Mon second contact avec Molière, ce furent les quatre tomes de ses pièces, dans la collection Garnier Flammarion, achetés par maman à la librairie Clairafrique de Dakar. Les ai-je lus et relus aussi! J’aimais ces dialogues vifs et bien troussés, ces personnages qui se dessinaient derrière ces lignes écrites en petits caractères. J’étais en cinquième, je préférais “le Médecin malgré lui” et le “Bourgeois Gentilhomme” aux plus compliqués “Dom Juan” ou “Tartuffe” qu’il me faudrait plus de temps pour apprécier.

Molière a accompagné ma scolarité dans le secondaire. On étudiait alors une pièce par an dans ces éditions scolaires pour lesquelles chaque professeur avait sa préférée, ce qui nous a valu d’en avoir , à la maison, au moins trois versions différentes, à la grande incompréhension de ma mère… J’ai encore en tête certaines des tirades apprises par coeur pour le cours de monsieur Irolla, inoubliable professeur de français de mes années lycée, qui nous les faisait déclamer sur l’estrade, à côté de son bureau. Pour certains c’était un supplice. J’aimais bien donner la réplique aux malheureux cloués au pilori. “Et Tartuffe?”

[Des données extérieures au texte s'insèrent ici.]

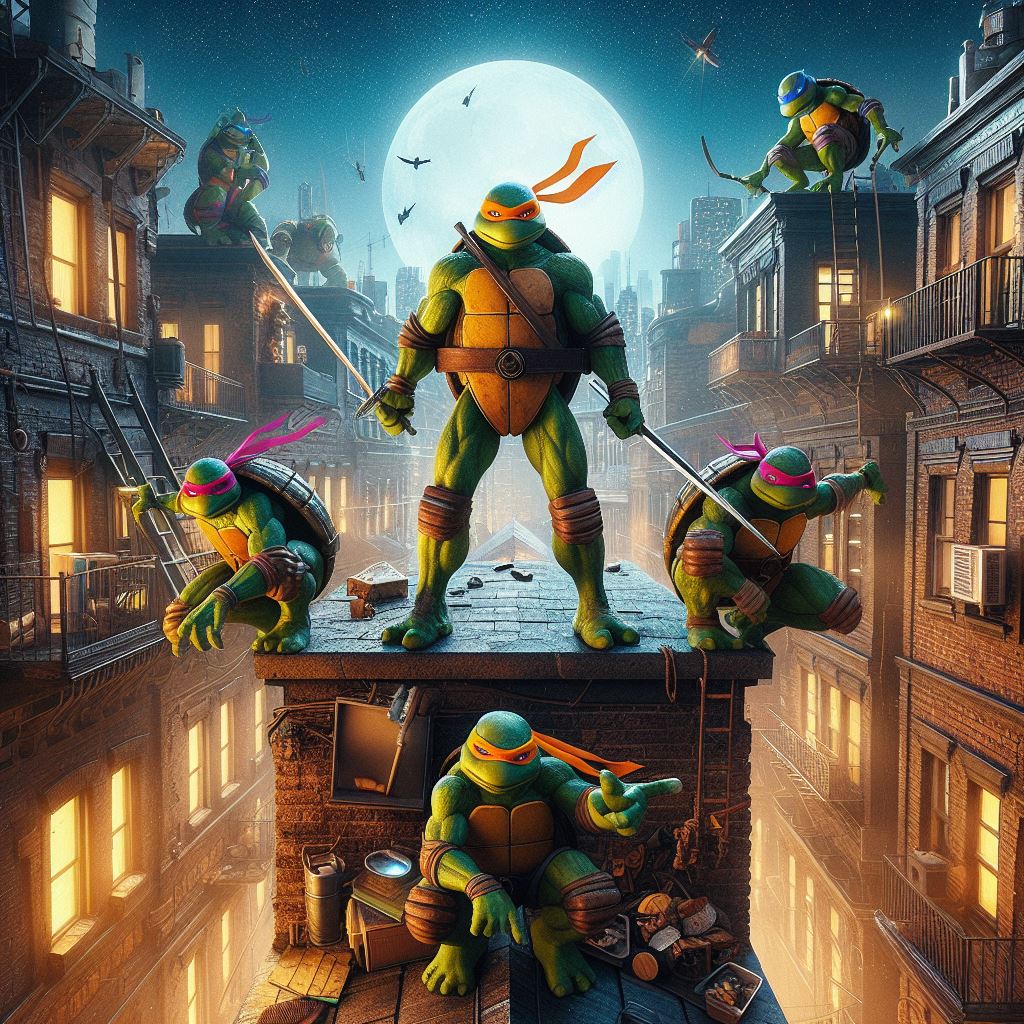 Tmnt Raph Rooftop TMNT On Rooftop by hoffman666 on DeviantArt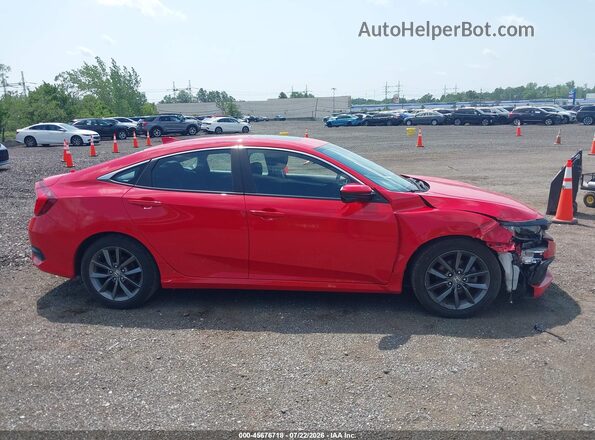 2HGFC1F39LH680068 2020 HONDA CIVIC Red Սալոնի հետևի տեսք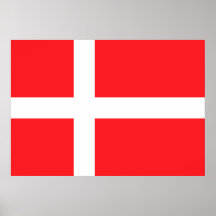 Danmark flagga posters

J’ai retrouvé Tartuffe en Afrique du Sud. Il y a quatre ans. Sylvaine Stryke, une sud-africaine sponsorisée par l’Institut Français en avait fait une mise en scène pour le Joburg Theatre. Nous y avions invité les jeunes de Sizanani et leur mentors. J’ai été frappée par la pertinence de la pièce dans un contexte sud-africain, et par la façon dont l’intrigue et les dialogues sonnaient particulièrement juste dans ce contexte.

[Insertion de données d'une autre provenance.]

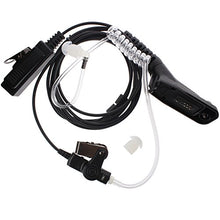 Load image into Gallery viewer, KENMAX Air Tube FBI Earpiece Headset with Remote PTT Mic for Motorola XPR6300 APX7000 XiRP8200 DP3400 DGP4150
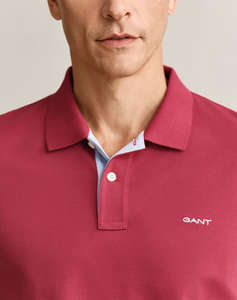 GANT BLOUSE ΚΜ REG CONTRAST PIQUE SS POLO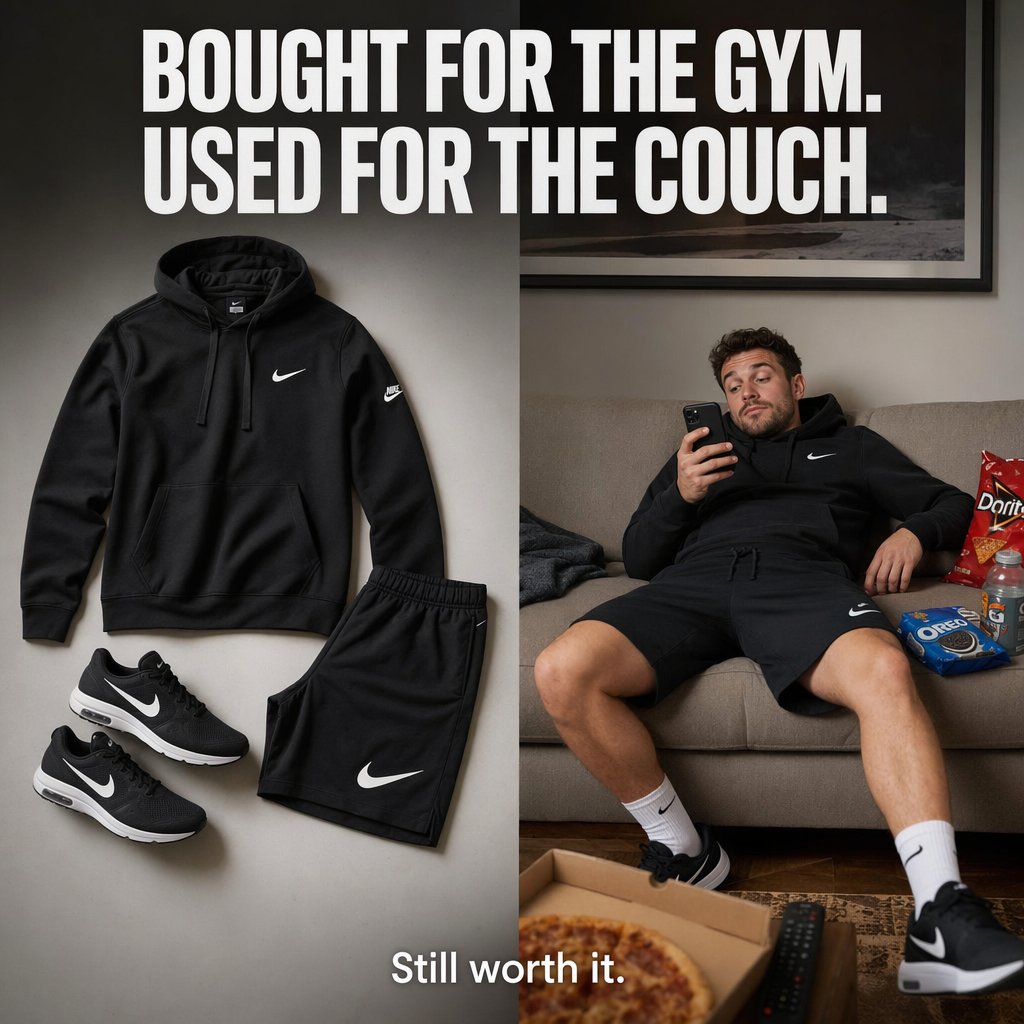 Gym Gear Couch Life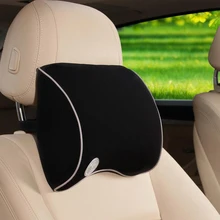 2 шт. новая космическая хлопковая подушка для сиденья автомобиля Подушка Автомобильная подушка для шеи Автомобильная подушка безопасности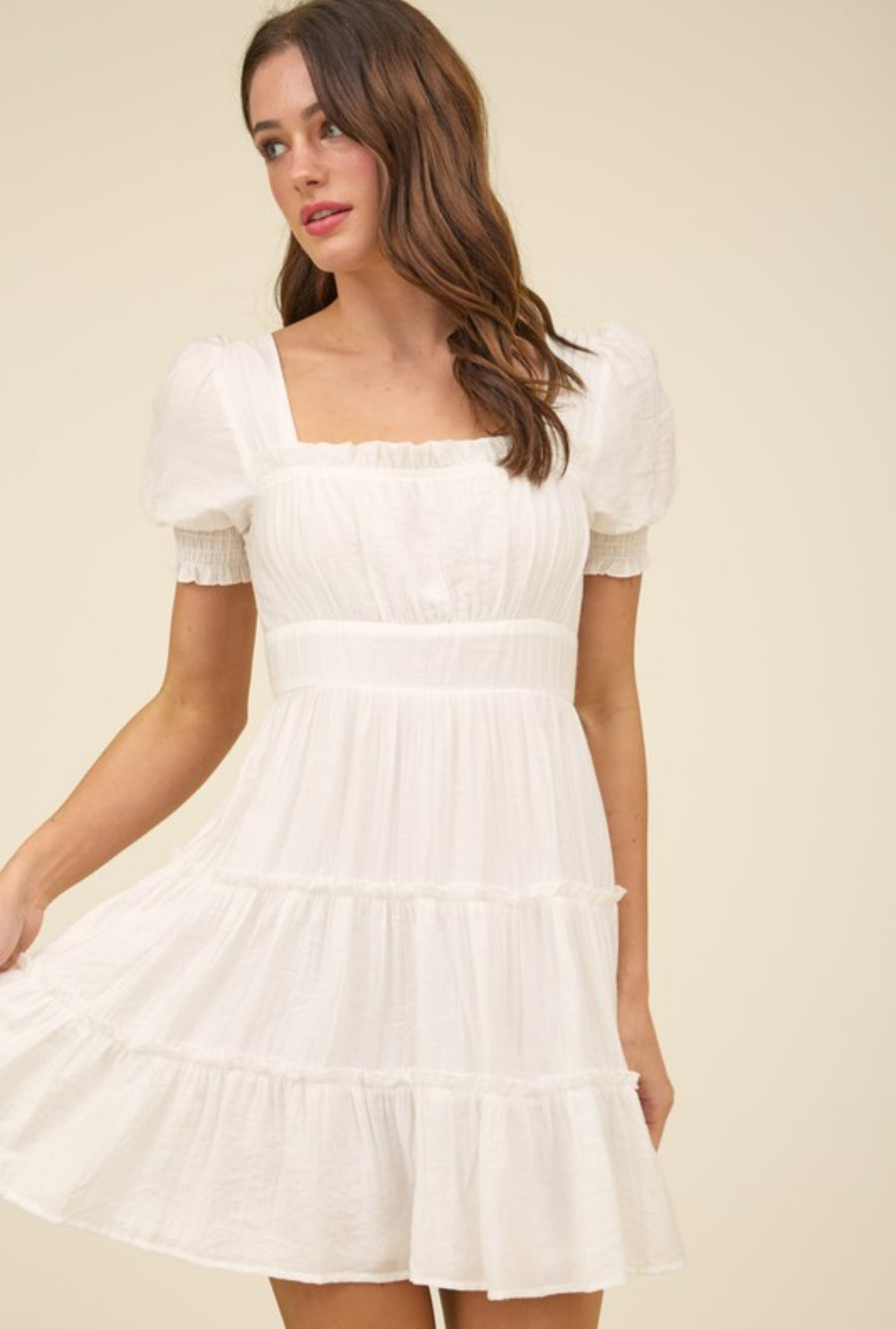 The Raeha White Dress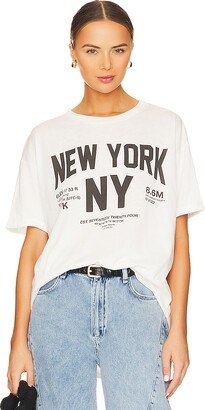 Welcome To New York Oversized Tee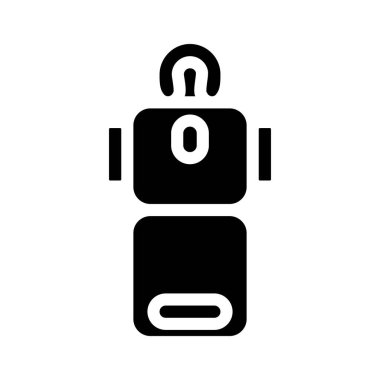 Masaj masası sembolü vektör illüstrasyonu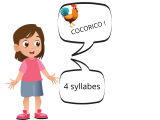 Je sais dénombrer les syllabes d’un mot.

Un (faux) dévot invoquant Dieu à toutes les sauces mystifie un père crédule tout en courtisant sa jolie (seconde) épouse, voilà qui ne surprendrait pas dans un township! Des amours contrariées de jeunes tourtereaux, pour lesquels le mariage est impossible sans l’assentiment de la famille et des échanges d’argent, tristement courant! Une domestique familière n’ayant pas sa langue dans sa poche et disant leur fait à tous les membres de la maisonnée, une habituée des beaux quartiers ? Les domestiques y sont les meilleurs amis/ennemis des familles, dont elles connaissent les plus intimes travers. La metteuse en scène avait voulu choisir ses acteurs dans toute la palette de la nation arc-en-ciel, pour présenter une famille métissée, et la pièce a fait mouche. Cela se voyait aux sourires, et aux visages réjouis des spectateurs. “I may be pious, but I’m still a man”… “Pour être dévot, je n’en suis pas moins homme”!

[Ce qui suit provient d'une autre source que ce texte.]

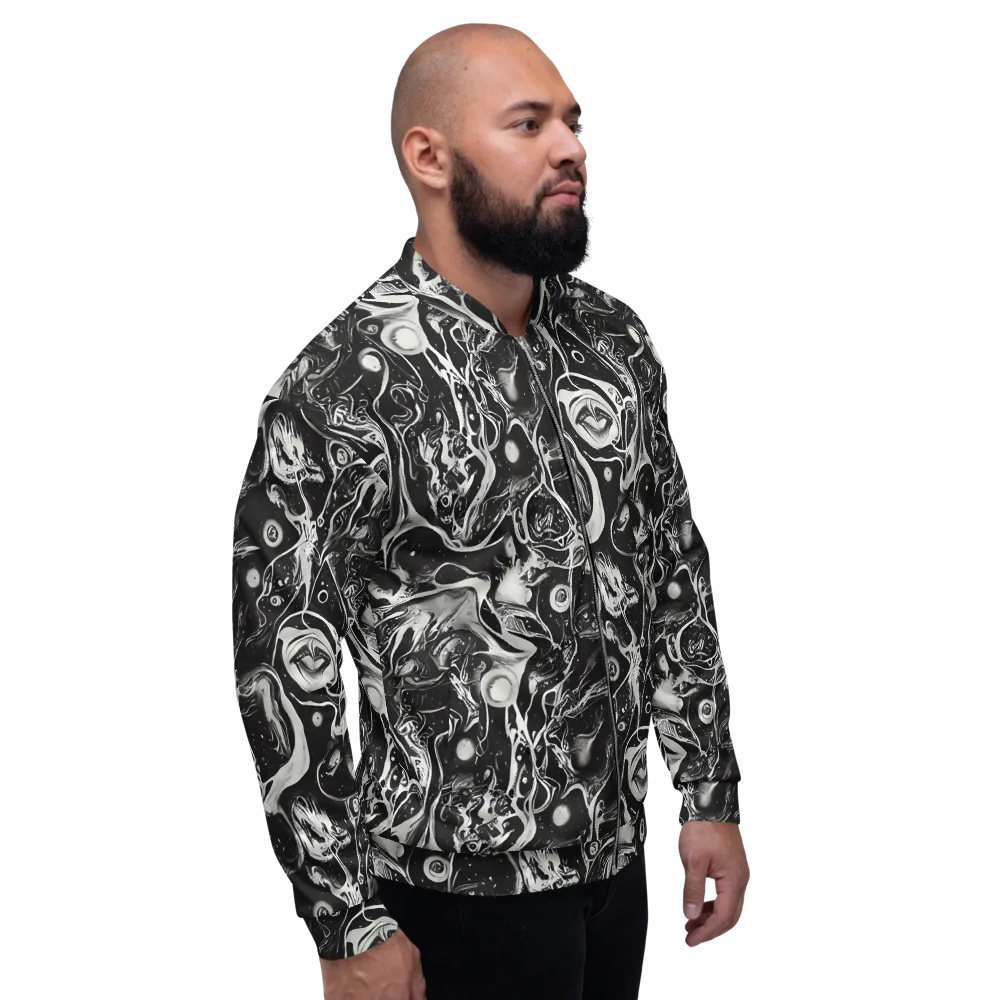 Nocturne Flux on Bomber Jacket — Right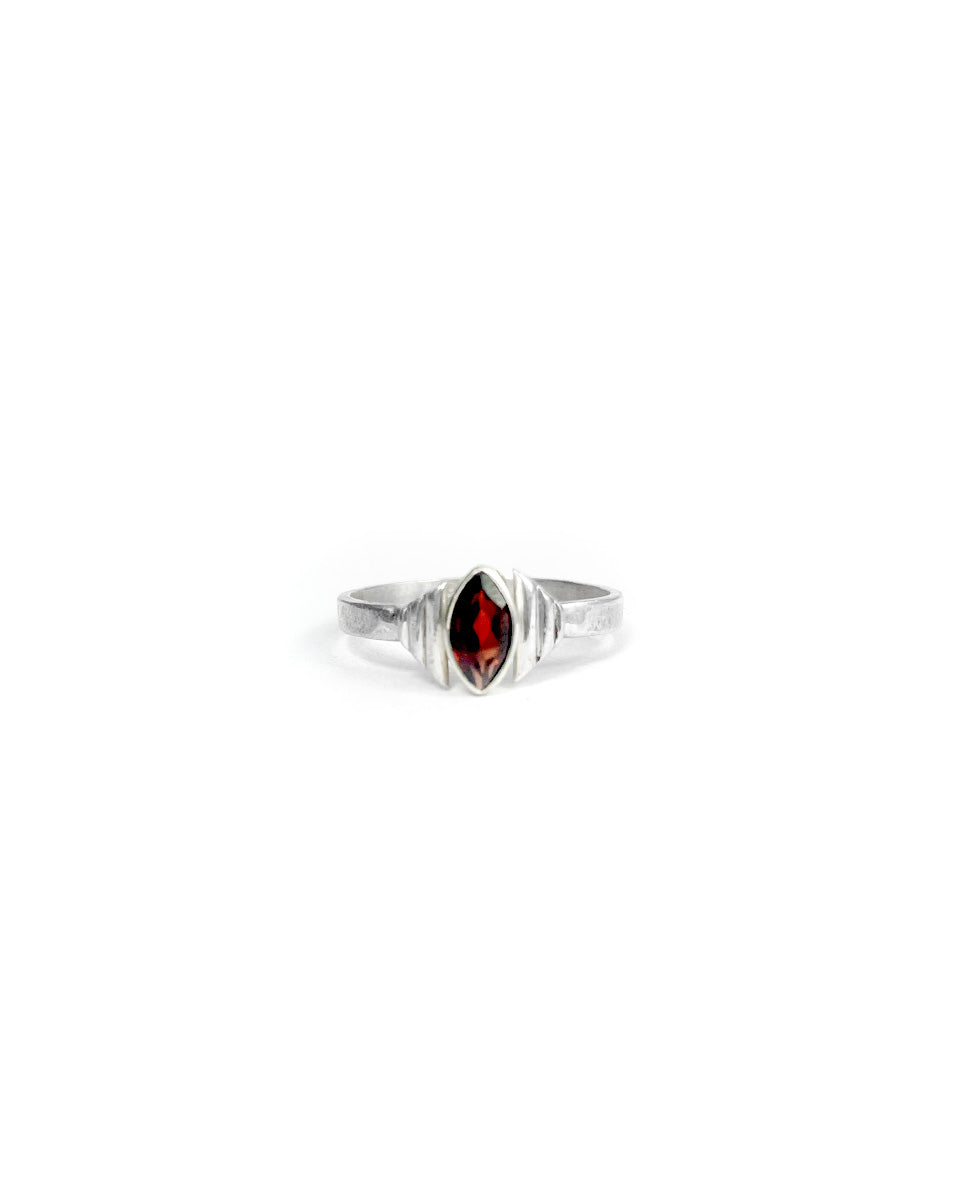 Garnet Ring with Marquise Stone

L’universalité de Molière m’a surprise ce soir-là, au Joburg theatre. J’ai été émerveillée que ses messages puissent passer aussi bien, malgré les différences de contexte. Les hypocrites gouvernent toujours le monde. Les bigots prospèrent, et la religion (ou l’apparence de religion) conduit, ici comme aux antipodes, à des attitudes déraisonnables quand, au lieu de questionner l’esprit, on se contente d’appliquer la lettre. J’ai revu cette fois où Véro, l’animatrice de Sizanani, motivant les jeunes pour le Matric (le bac sud-africain), avait fini par dire aux étudiants que ce n’était pas la peine que leurs Gogo (grands-mères), s’usent en prières tous les dimanches à l’église pendant des heures. L’obtention du Matric est plus sûrement une histoire de travail que de miracle (et peut-être de décision du ministre de l’éducation d’accorder un “pass” à 40% de réussite aux épreuves).

Molière aussi, me vint à l’esprit lorsque cette amie sociologue, éduquée à l’Université de Cape Town m’avait raconté la réaction de sa mère lorsqu’elle avait envisagé de s’inscrire en doctorat. “Mais tu ne trouveras jamais de mari!”. Les femmes savantes, ici et là-bas, font encore peur. Une femme éduquée, c’est une hérésie: “Nos pères, sur ce point, étaient gens bien sensés,/ Qui disaient qu’une femme en sait toujours assez / Quand la capacité de son esprit se hausse / A connaître un pourpoint d’avec un haut de chausse.”

C’était une redécouverte assez délicieuse que de voir que l’oeuvre d’un homme, qui a voulu “peindre d’après nature” le portrait de son temps, arrive à toucher, trois siècles et demi après, les coeurs de jeunes gens d’un autre continent.